Sophie Somers (1890-1950) Part II
By Catherine Hindson
Professor of Theatre History at the University of Bristol
Readers of Paperclip may recall an article from last summer featuring the remarkable Sophie Somers. Her story was uncovered by Catherine Hindson, Professor of Theatre History at the University of Bristol, during her research at Unilever Archives.
Catherine’s work explores how theatre shaped industrial communities in the early 20th century.
We’re pleased to share Part 2 of Catherine’s article, continuing Sophie’s journey and offering further insight into the vibrant cultural life of the time.

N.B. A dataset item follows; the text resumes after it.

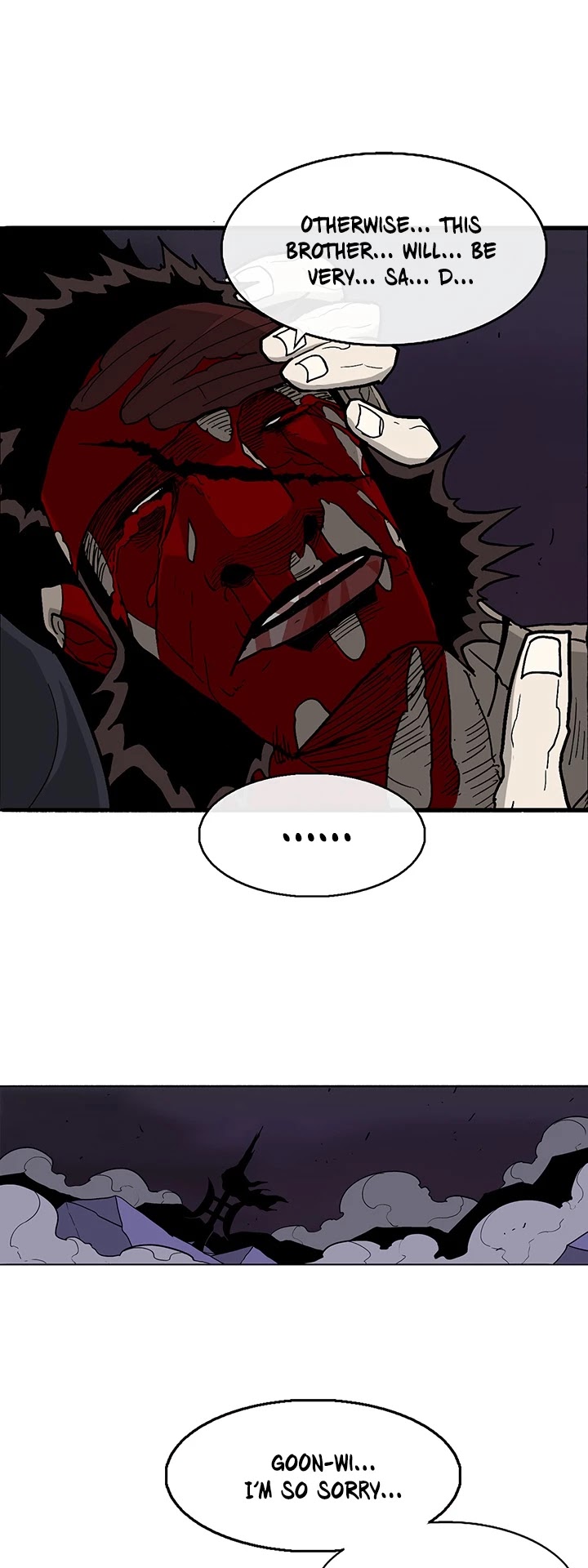 Legend of the Northern Blade Chapter 46 page 20 - Chapter 46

It was when she was writing for and performing in Port Sunlight’s theatre that Sophie Somers was most visible to the local Wirral community. Her love for the stage should – perhaps - not come as a surprise. Somers’s family tree is a starry one. Her father was a well-known variety theatre agent, her cousins included the impresario, theatre manager, theatre agent and MP Sir Walter de Frece and well-known singer Lauri de Frece, and she was related by marriage to the celebrity music-hall star Vesta Tilley and leading actress Fay Compton. Theatres were familiar spaces for the Somers family.

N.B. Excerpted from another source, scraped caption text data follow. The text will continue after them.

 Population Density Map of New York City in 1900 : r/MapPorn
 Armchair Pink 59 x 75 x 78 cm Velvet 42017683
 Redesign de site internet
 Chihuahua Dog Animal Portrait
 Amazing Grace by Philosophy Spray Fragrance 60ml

Port Sunlight’s village dramatic society had been based at the Gladstone Hall since it was established in 1894. In 1921, they renamed themselves The Port Sunlight Player and Sophie became an important member; writing, performing, organising performances, and serving as the society’s chair. Theatre also became key to the charitable and fundraising activities she was heavily involved in. During the Second World War she chaired a group that brought together all the dramatic societies in the area to stage fundraising entertainments in aid of troops and families affected by the war. Further afield, Sophie was involved in Liverpool’s theatre. Her one-act comedy An Empress Intrudes - written under the pen name of George Hewitt – was produced at the Liverpool Playhouse in 1925. Sophie’s significance to Port Sunlight’s theatre was memorialised in the Sophie Somers trophy, awarded at Unilever’s drama festivals during the mid twentieth century.

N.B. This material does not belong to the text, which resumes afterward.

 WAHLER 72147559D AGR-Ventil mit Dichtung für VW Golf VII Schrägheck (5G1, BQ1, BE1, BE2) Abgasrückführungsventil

The wide range of theatrical, public, and civic activities Sophie Somers was involved in also brought her in regular close contact with the Lever family. When the Bebington Soroptimists were founded in 1945, Freda Leverhulme (William Hulme’s second wife) was elected vice president to Sophie’s president. More familiar for most were the village pantomimes written by Sophie and William Hulme Lever during the 1930s. Staged annually at the Gladstone Hall, they became a Port Sunlight tradition. The scripts and photographs that remain are still funny, packed with in-jokes about people, places, and activities targeted at the local community, and with wider political and social commentaries. Sophie was - for several years - the lead writer on the shows, with William Hulme contributing songs and some content. As the decade progressed, Lever became more involved, with the two taking a block of time in the Summer to write the script for each Christmas event.
For Sophie Somers Port Sunlight’s theatre offered a way to develop a public professional identity. As a single, professional woman it also likely offered a sense of community outside of the office. The early twentieth century was the age of personality; in business and in the wider world. A consistent strand in records, accounts, and images of Sophie Somers is her charismatic personality, and particularly her sense of humour. Reviews of her stage roles and writing, including one in The Stage, record that she was funny - a particularly strong comic performer and writer of comedies. On- and off- stage, she was – it seems –skilled at telling a good story and cracking a good joke, and these were talents she used in her later professional and public life as a public speaker and BBC broadcaster on Women’s Hour and Make Do and Mend. Reports tell us of her ‘easy manner, very witty turn of phrase and pleasantly modulated voice’ that kept her listeners engaged and laughing during the regular after dinner speeches she gave to local groups. Sources of these comic speeches were often stories of the factory’s people and events. As ‘Sonia’ her factory magazine articles were funny, warm, compassionate responses to the demands of everyday life for women in the aftermath of the Second World War.
When Sophie Somers retired from Lever Bros in 1947, the two-page article on her life and career in the factory magazine was entitled – simply – ‘Sophie’. There was no need for her surname. People knew who she was. In 1965, an article in The Liverpool Echo stated that in Sophie Somers we can find ‘one of the most outstanding figures in Port Sunlight history’. Her obituary made the front page of The Birkenhead News. Seventy-five years later, she has more-or-less disappeared from history. But her story is important, because it offers a glimpse of how significant women leaders and theatre were in Lever’s factory and village and helps us better understand their rich, entangled business, social and cultural histories.